Source code for mindspore_xai.explainer.backprop.gradcam

# Copyright 2020-2021 Huawei Technologies Co., Ltd
#
# Licensed under the Apache License, Version 2.0 (the "License");
# you may not use this file except in compliance with the License.
# You may obtain a copy of the License at
#
# http://www.apache.org/licenses/LICENSE-2.0
#
# Unless required by applicable law or agreed to in writing, software
# distributed under the License is distributed on an "AS IS" BASIS,
# WITHOUT WARRANTIES OR CONDITIONS OF ANY KIND, either express or implied.
# See the License for the specific language governing permissions and
# limitations under the License.
# ============================================================================
"""GradCAM."""

from mindspore.ops import operations as op
from mindspore import get_context, PYNATIVE_MODE

from mindspore_xai.common.utils import ForwardProbe, retrieve_layer, unify_inputs, unify_targets
from .backprop_utils import GradNet
from .intermediate_layer import IntermediateLayerAttribution


def _gradcam_aggregation(attributions):
    """
    Aggregate the gradient and activation to get the final attribution.

    Args:
        attributions (Tensor): the attribution with channel dimension.

    Returns:
        Tensor: the attribution with channel dimension aggregated.
    """
    sum_ = op.ReduceSum(keep_dims=False)
    relu_ = op.ReLU()
    attributions = relu_(sum_(attributions, 1))
    attributions = op.Reshape()(attributions, (attributions.shape[0], 1, *attributions.shape[1:]))
    return attributions


[docs]class GradCAM(IntermediateLayerAttribution):
    r"""
    Provides GradCAM explanation method.

    `GradCAM` generates saliency map at intermediate layer. The attribution is obtained as:

    .. math::

        \alpha_k^c = \frac{1}{Z} \sum_i \sum_j \frac{\partial{y^c}}{\partial{A_{i,j}^k}}

        attribution = ReLU(\sum_k \alpha_k^c A^k)

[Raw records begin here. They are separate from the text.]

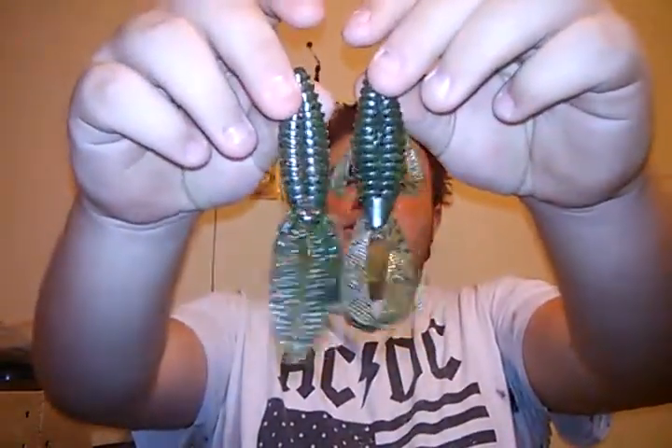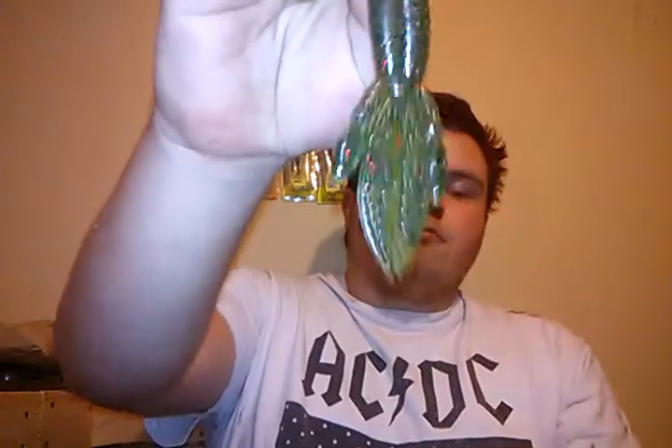Two other baits I love to throw this time of year are some sort of flipping bait — something like a Rage Bug, the Striking Rodent, or the Docks Lures Flat Runner. Those three are probably my favorites. I forgot to grab one of the flat runners, but those are really good baits for this time of year.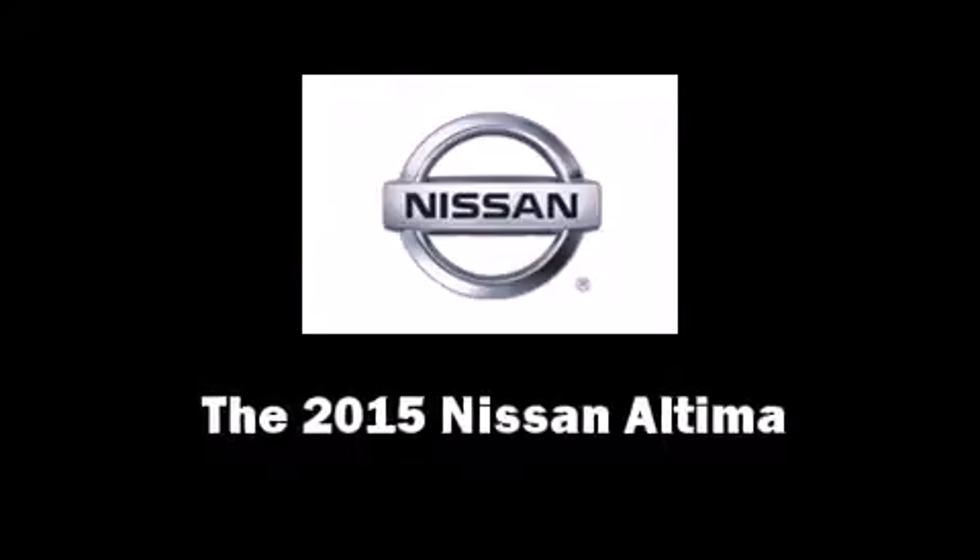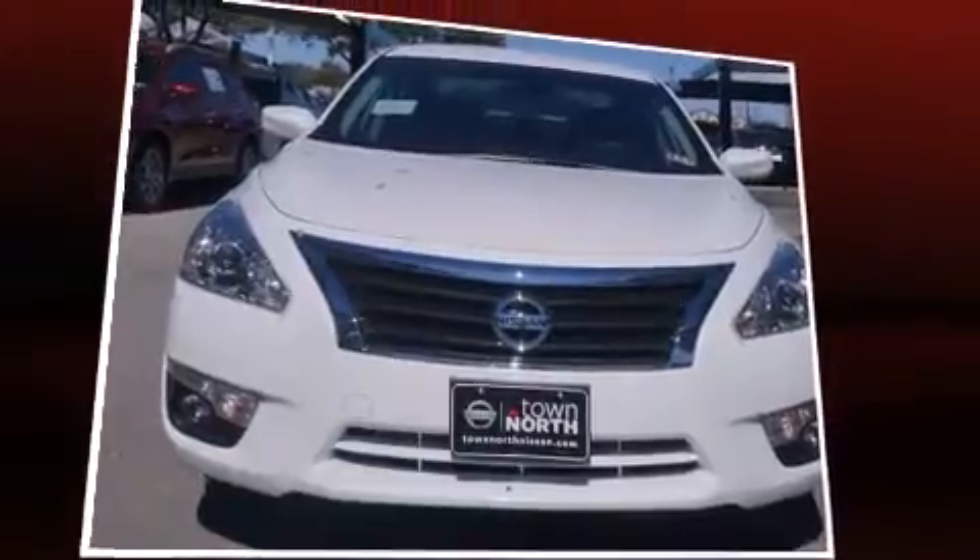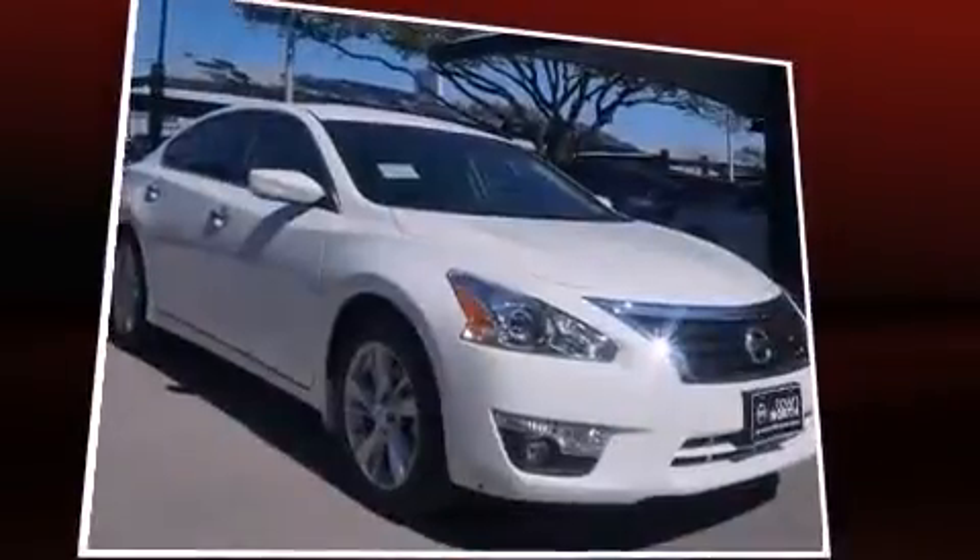Climb inside the 2015 Nissan Altima. This four-door, five-passenger sedan offers the features and options for which you've been searching.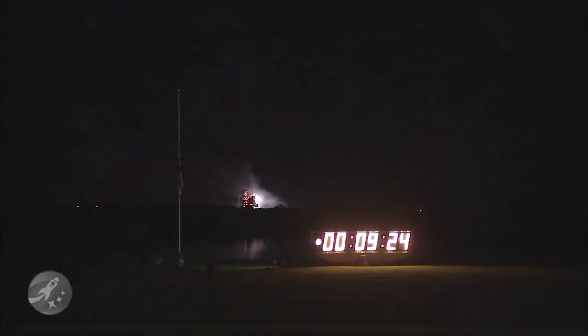You can see the flash photography as Discovery fades away from the camera view. An uneventful ride to orbit for the shuttle Discovery, two days shy of its twenty-fifth anniversary of its maiden flight.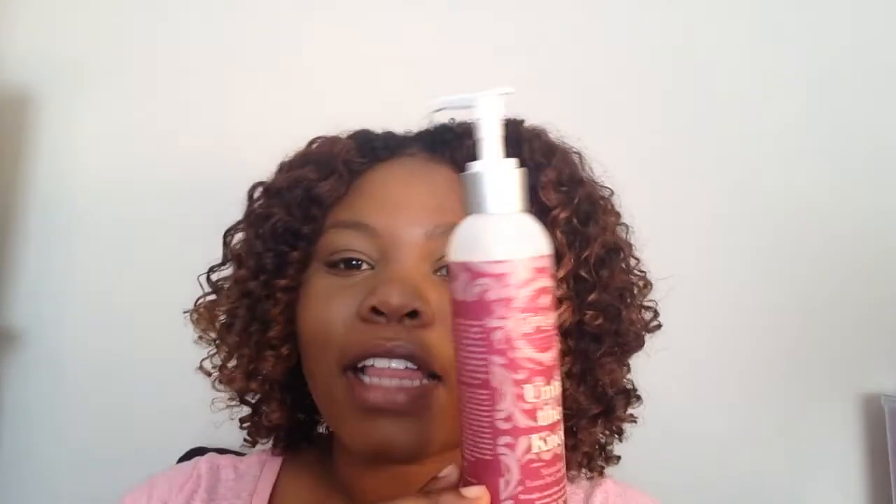Let's talk about the Untie the Knot Nourishing Leave-In Conditioner. On the bottle it says it detangles, nourishes, and replenishes moisture for lively curls. I've used so much of it already - it's literally almost up to here - and the thing I love about this leave-in conditioner is the pump. I'm a pump girl, so if a product doesn't have a good pump I hate it, and this has an amazing pump. Just one pump and so much product comes out.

    For more details, please refer to the original paper: `GradCAM <https://openaccess.thecvf.com/content_ICCV_2017/
    papers/Selvaraju_Grad-CAM_Visual_Explanations_ICCV_2017_paper.pdf>`_.

    Note:
        The parsed `network` will be set to eval mode through `network.set_grad(False)` and `network.set_train(False)`.
        If you want to train the `network` afterwards, please reset it back to training mode through the opposite
        operations.

    Args:
        network (Cell): The black-box model to be explained.
        layer (str, optional): The layer name to generate the explanation, usually chosen as the last convolutional
            layer for better practice. If it is ``''``, the explanation will be generated at the input layer.
            Default: ``''``.

    Inputs:
        - **inputs** (Tensor) - The input data to be explained, a 4D tensor of shape :math:`(N, C, H, W)`.
        - **targets** (Tensor, int, tuple, list) - The label of interest. It should be a 1D or scalar tensor, or an
          integer, or a tuple/list of integers. If it is a 1D tensor, tuple or list, its length should be :math:`N`.
        - **ret** (str, optional): The return object type. ``'tensor'`` means returns a Tensor object, ``'image'``
          means return a PIL.Image.Image list. Default: ``'tensor'``.
        - **show** (bool, optional): Show the saliency images, ``None`` means automatically show the saliency images
          if it is running on JupyterLab. Default: ``None``.

    Outputs:
        Tensor, a 4D tensor of shape :math:`(N, 1, H, W)`, saliency maps. Or list[list[PIL.Image.Image]], the
        normalized saliency images if `ret` was set to ``'image'``.

    Raises:
        TypeError: Be raised for any argument or input type problem.
        ValueError: Be raised for any input value problem.

    Supported Platforms:
        ``Ascend`` ``GPU``

    Examples:
        >>> import numpy as np
        >>> import mindspore as ms
        >>> from mindspore_xai.explainer import GradCAM
        >>> from mindspore import set_context, PYNATIVE_MODE
        >>>
        >>> # only PYNATIVE_MODE is supported
        >>> set_context(mode=PYNATIVE_MODE)
        >>> # The detail of LeNet5 is shown in models.official.cv.lenet.src.lenet.py
        >>> net = LeNet5(10, num_channel=3)
        >>> # specify a layer name to generate explanation, usually the layer can be set as the last conv layer.
        >>> layer_name = 'conv2'
        >>> # init GradCAM with a trained network and specify the layer to obtain attribution
        >>> gradcam = GradCAM(net, layer=layer_name)
        >>> inputs = ms.Tensor(np.random.rand(1, 3, 32, 32), ms.float32)
        >>> label = 5
        >>> saliency = gradcam(inputs, label)
        >>> print(saliency.shape)
        (1, 1, 32, 32)
    """

    def __init__(self, network, layer=""):
        super(GradCAM, self).__init__(network, layer)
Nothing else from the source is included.